_What the exercise asks_. Starting with the line that contains "Well-priced sweet peas." and stopping after the line that contains "klicke hier, um", return each line below exactly as written, with no others.

_Supplied material_.
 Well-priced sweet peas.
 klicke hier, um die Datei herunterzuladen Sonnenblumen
...
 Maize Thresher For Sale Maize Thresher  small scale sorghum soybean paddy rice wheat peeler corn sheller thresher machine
...
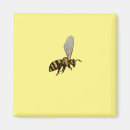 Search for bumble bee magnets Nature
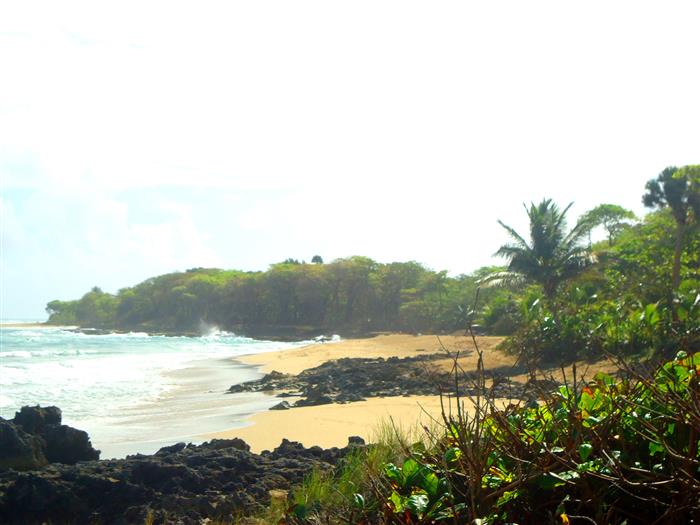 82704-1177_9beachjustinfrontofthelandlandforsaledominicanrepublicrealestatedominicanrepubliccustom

_Exercise result_.
 Well-priced sweet peas.
 klicke hier, um die Datei herunterzuladen Sonnenblumen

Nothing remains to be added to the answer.